Bien que certaines missions de l'ANRTIC lui permettent d’intervenir dans l’encadrement, pour ne pas dire « dans la régulation », du secteur de l’argent mobile, étant donné que cette activité est par définition « un ensemble de services financiers via la téléphonie mobile », le régulateur des TIC a décidé a priori de limiter ses interventions. En s’inspirant des expériences vécues dans les pays benchmarks, les opérateurs potentiels du marché de l’argent mobile aux Comores devraient prendre en compte plusieurs données démographiques et socio économiques du pays afin qu’ils puissent mieux adapter leurs stratégies commerciales et plans marketing à la demande potentielle de leurs éventuels clients.
Pour rappel, le Benchmarking est le travail de comparaison entre une expérience locale (comorienne) et d’autres expériences adaptées dans d’autres pays qui permettent de tirer la meilleure pratique.
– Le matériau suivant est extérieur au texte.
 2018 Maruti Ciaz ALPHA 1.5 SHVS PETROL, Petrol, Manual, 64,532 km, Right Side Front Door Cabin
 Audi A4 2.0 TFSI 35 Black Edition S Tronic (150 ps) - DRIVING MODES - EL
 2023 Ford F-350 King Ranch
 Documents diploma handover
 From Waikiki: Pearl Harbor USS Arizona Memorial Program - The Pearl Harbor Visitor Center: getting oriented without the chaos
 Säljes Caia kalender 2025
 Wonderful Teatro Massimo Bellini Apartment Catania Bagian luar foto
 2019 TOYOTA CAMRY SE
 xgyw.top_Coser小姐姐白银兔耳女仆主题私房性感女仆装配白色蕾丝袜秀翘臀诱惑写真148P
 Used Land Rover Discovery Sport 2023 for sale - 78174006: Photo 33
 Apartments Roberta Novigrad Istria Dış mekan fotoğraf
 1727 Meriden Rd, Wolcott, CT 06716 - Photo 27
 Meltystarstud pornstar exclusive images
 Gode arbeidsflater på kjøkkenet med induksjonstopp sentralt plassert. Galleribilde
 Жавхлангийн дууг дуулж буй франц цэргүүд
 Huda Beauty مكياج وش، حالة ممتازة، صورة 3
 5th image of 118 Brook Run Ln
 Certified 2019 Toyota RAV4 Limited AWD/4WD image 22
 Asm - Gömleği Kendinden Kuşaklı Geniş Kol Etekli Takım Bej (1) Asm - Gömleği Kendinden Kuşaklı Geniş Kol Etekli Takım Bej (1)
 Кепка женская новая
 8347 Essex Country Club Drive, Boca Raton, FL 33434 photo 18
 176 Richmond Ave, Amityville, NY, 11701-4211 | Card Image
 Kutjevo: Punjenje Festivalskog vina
Dans ce même rapport, on lit qu’ « en effet, les Comores comptent 6 28,3% de population urbaine (par rapport à une moyenne de 39,9% sur le continent africain) mais avec une densité assez élevée de 404,1 par km2 Contre une moyenne africaine ne dépassant pas 37,8% ».
À en croire le consultant, Mounir Bouchaa, la couverture de la population parait relativement faisable et peu coûteuse en comparaison des autres pays étudiés. Toutefois, la population compte 46,1% vivant en dessous de 1,25$ par jour. Un indicateur de pauvreté assez élevé pourtant en deçà de la moyenne continentale, 39,6% et qui devrait être, à son tour, pris en compte dans les offres commerciales à proposer par les opérateurs potentiels du marché de l’argent mobile.